Splunk applications makes using machine data even simpler. So far, so good.

The unpleasant question that technology leaders should ask themselves is this: Why does this sort of business use of machine data always seem to happen by accident? The leadership lesson is simple: Why can’t we organize a simple program of systematically exploring what machine data sources we have, what questions are worth answering, and then bring machine data where it is needed? This shouldn’t be that hard but it is rarely done.

Instead, plan A seems to be serendipity. I have a solution to this problem I call the Question Game that I will cover in a later article.

What Splunk has done in version 4.3 is to add several features that would make Splunk’s user interface far more useful to an end user. Splunk has sent Flash packing and implemented its UI on HTML5, primarily so the iPad can be better served.

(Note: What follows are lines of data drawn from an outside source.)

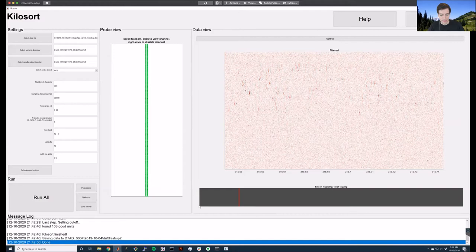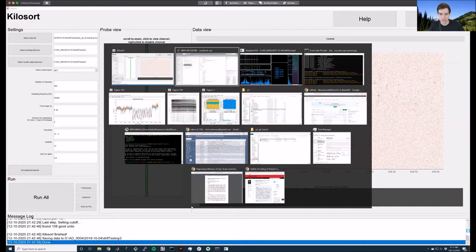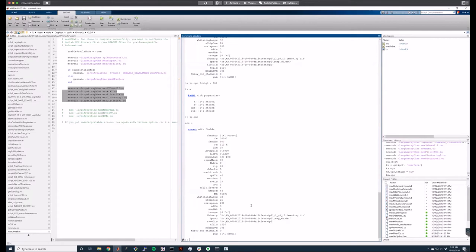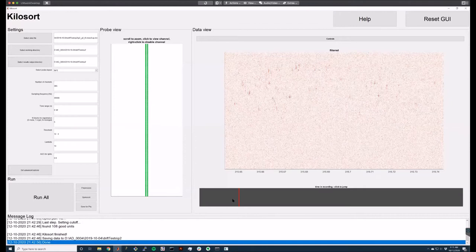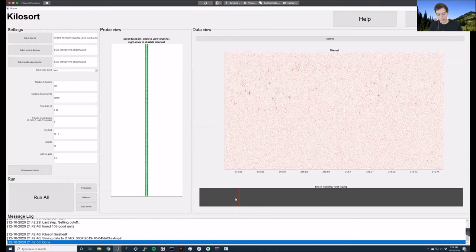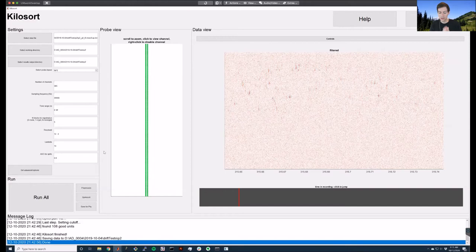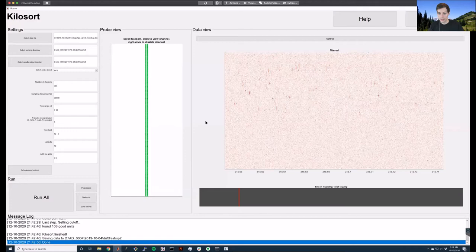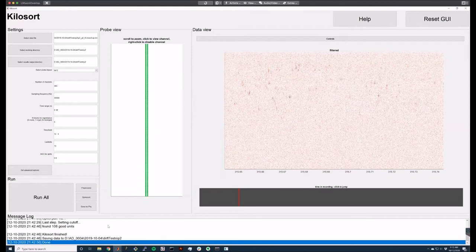Regarding the filtered view output — that is a result of preprocessing. The full preprocessing step takes about five minutes, but the GUI runs a very shortened version immediately that takes about 10 seconds. When you load your data file it will run that shortened preprocessing so it can show you the filtered and whitened data right away, before you run anything. It won't be able to show you the prediction and residual until after you run everything, but it will show you both raw and filtered immediately.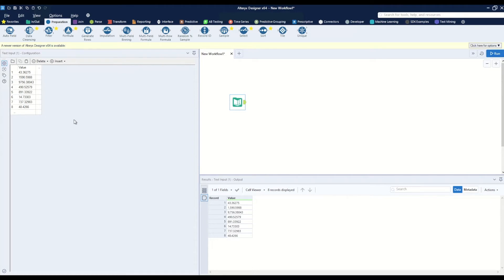One way to remove the decimals if we wanted to round to a whole number is we can use this select tool.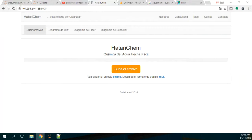This tutorial is a presentation of an application I have programmed in Node.js. The application is very practical if you want to do Stiff diagrams, Piper diagrams and Schoeller diagrams. This is the URL of the application — you will have it in the description of the video as well.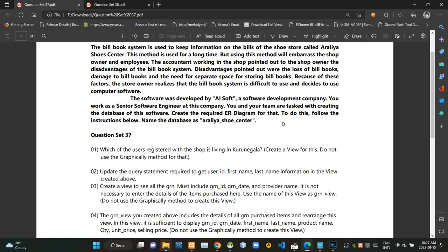Hello folks, welcome to today's part of the database management systems revision video series. This is a follow-up to the last 36th video, and I'm going to do question set number 37.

The configuration of the UI, which was heavily controlled by XML, now can be controlled by end-users directly using point and click techniques. Other nifty UI candy such as sparklines have been added.

The import of all of this is that Splunk can now plausibly be part of the BI suite and most companies. In other words, it provides that last mile in the machine data pipeline to the end user.

The question for technology leaders who have Splunk is: Will we figure out how to use this capability or wait around until good ideas come to us by chance?